The code was removed from the public domain following its adoption into a proprietary ETL toolkit.
The documentation has been left for users to explore and discuss.
Hospitals submit annual worksheets detailing their FY cost center data. CMS then tabulates this data into HCRIS. Each worksheet comprises lined items, and each line comprises multiple columns. Each column corresponds to a response that is alphanumeric or purely numeric. The worksheet responses are tabulated and distributed among three raw data sets. It may be helpful to think of the data set as coordinate data.
Headers (or column names) can be found in the data dictionary or readme.text. The CMS readme.txt states that Worksheet Code, Line Number, Column Number contain trailing or leading zeroes and must not be trimmed.
The following imports the raw data into data frames, then merges the data frames into a combined table. Additionally, facility details were pulled from CMS and merged. From there, we can further prepare the data for export.
These scripts will accept raw CMS Cost Report data from the HCRIS (Healthcare Cost Report Information System). They produce a dataframe combining the data, and hospital identifying information from CMS. Functions have been provided to count or sort the dataframe.
Please download necessary HOSPITAL-2010 data sets from CMS HCRIS (https://www.cms.gov/Research-Statistics-Data-and-Systems/Downloadable-Public-Use-Files/Cost-Reports/Cost-Reports-by-Fiscal-Year). Extract files into your working directory, then set the working directory path in both scripts.
NOTE: Resulting data will be large (>3GB). Ensure you have adequate storage space and memory to accomodate these efforts. Expect 2-3GB required for each additional dataframe generated.
5304 unique Provider Number identifiers (PRVDR_NUM)
0 invalid entries (NaN)
5366 unique reports (RPT_REC_NUM)
0 invalid entries (NaN)
An individual hospital must resubmit a report if the FY changes or CHange of OWnership (CHOW).
Reports may also be submitted in error.

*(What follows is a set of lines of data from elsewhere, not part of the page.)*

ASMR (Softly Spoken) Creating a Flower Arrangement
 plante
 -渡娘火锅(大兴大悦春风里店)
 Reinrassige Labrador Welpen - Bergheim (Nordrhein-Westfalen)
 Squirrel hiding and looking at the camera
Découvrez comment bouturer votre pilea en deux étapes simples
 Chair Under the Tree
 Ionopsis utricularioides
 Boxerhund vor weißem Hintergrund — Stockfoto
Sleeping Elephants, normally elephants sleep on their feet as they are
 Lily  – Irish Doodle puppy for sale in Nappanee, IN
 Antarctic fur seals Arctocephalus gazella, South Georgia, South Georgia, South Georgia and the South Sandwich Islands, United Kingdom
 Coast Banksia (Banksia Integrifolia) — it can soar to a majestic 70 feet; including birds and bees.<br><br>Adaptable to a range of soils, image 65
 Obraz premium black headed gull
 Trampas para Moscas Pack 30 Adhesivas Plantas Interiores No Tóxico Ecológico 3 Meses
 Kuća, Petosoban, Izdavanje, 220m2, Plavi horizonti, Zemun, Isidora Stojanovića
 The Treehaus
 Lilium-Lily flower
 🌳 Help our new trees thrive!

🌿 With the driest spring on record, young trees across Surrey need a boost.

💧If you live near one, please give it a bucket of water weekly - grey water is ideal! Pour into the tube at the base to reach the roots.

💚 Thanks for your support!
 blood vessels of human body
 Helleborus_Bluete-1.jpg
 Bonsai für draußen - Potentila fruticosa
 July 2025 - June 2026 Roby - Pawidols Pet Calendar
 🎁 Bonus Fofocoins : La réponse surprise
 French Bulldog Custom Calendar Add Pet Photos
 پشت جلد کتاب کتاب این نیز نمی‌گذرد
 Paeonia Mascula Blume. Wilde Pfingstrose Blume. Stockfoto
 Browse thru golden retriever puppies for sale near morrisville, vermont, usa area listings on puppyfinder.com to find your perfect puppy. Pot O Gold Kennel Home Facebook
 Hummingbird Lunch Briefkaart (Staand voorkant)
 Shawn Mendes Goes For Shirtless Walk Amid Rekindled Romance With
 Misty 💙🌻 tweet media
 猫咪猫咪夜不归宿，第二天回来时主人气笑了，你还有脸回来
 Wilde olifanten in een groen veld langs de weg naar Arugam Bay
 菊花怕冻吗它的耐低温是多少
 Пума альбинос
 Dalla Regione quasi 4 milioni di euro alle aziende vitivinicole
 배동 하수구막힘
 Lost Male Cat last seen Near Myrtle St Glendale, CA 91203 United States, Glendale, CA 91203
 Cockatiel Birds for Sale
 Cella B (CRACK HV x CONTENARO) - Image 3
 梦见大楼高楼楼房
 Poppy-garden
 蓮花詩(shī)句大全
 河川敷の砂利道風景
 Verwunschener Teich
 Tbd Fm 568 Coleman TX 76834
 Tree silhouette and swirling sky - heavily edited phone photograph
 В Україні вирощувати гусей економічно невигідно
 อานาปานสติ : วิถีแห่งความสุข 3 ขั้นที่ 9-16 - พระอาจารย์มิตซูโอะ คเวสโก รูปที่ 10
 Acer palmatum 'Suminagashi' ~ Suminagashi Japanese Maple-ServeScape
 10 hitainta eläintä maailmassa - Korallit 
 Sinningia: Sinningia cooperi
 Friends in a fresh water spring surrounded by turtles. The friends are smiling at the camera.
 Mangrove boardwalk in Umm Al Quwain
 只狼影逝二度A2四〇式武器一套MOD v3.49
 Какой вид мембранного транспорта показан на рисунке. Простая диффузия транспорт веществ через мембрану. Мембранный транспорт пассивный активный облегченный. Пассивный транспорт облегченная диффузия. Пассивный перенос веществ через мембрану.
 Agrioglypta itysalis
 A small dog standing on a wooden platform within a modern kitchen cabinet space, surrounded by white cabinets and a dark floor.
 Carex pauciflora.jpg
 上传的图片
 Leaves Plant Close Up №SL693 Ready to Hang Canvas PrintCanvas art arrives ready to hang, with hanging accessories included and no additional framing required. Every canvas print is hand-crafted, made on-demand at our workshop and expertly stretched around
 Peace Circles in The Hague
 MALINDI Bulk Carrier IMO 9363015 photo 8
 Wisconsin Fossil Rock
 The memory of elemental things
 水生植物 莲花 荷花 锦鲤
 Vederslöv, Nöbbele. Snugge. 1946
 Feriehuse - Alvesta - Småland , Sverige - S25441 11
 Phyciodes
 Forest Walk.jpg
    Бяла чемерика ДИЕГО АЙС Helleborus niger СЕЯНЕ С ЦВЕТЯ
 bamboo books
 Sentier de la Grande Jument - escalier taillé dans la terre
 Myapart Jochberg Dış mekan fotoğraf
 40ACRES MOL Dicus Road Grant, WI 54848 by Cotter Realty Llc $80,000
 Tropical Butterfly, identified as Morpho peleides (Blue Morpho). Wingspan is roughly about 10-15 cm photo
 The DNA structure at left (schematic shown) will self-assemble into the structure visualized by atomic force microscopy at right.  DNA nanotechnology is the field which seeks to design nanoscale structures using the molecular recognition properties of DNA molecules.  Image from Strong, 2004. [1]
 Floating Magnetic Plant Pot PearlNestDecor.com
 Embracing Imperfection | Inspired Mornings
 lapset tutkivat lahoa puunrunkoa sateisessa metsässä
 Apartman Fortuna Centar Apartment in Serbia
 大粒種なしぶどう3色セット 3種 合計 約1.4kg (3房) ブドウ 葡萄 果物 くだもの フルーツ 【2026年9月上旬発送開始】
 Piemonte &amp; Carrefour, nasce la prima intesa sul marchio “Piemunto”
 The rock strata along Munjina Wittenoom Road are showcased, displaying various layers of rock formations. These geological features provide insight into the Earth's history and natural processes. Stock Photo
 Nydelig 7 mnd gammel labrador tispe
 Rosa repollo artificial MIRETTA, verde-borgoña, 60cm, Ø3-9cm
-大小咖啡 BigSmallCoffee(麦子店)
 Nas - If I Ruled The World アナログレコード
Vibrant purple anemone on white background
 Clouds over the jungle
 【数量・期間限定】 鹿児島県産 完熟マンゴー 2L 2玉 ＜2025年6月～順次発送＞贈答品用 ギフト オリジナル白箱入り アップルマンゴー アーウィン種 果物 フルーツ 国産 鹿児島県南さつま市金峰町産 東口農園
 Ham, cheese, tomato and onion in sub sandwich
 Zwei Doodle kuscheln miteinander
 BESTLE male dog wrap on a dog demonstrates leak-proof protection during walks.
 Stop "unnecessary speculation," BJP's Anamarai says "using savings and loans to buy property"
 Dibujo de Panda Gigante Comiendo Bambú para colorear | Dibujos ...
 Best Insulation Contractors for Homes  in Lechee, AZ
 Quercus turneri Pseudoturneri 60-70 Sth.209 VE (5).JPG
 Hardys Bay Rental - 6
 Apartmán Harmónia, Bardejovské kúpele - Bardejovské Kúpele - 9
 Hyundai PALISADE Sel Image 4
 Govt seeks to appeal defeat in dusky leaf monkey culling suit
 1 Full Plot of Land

CMS tries to eliminate such additional reports (per readme.txt).
AdventHealth Orlando (Orlando, FL) 2791
New York-Presbyterian Hospital (New York, NY) 2334
Orlando Health (Orlando, FL) 1600
Jackson Health System (Miami, FL) 1504
Norton Hospitals, Inc (Louisville, KY) 1465
Baptist Medical Center (San Antonio, TX) 1451
Montefiore Medical Center (Bronx, NY) 1426
St Josephs Hospital (Tampa, FL) 1382
Cleveland Clinic (Cleveland, OH) 1326
Yale-New Haven Hospital (New Haven, CT) 1306
West River Regional Medical Center-CAH (Hettinger, ND) 3601
Annually, data will be pulled from HCRIS and imported for cleaning and analysis.
Header info will not change until form 2552-10 is discontinued. New header info can be extracted with regex from the SQL description text. Further, new accompanying documentation can be compared iteratively, line-by-line to generate preliminary changelog texts. An initial scan of this rough text provides insight into potential accomodations to investigate. Further documentation from CMS on major updates should be considered.
I would need to investigate ways to reduce the size of the combined data set. I have removed NaN values from the NMRC set in the code; and created a dataframe from the combined_data ALPHNMRC_ITM_TXT values to filter out white space and empty strings but could find no such values. I would estimate a decade-long dataset to require 35GB per decade. Earlier years will have less data while future years will have more than that estimate.
This kind of reporting could be applied to other forms reported to CMS. If different forms use different data structures, we will need to refer to the documentation for the model and header info.
Additionally, these responses are not correlated with questions making the data inaccessible to less technical users. One alternative would be to extract form data and create a new table containing the full text of the question found at a worksheet/line/column coordinate. However, forms would need to be scraped and compared, as question/response wording and coordinates may vary year to year.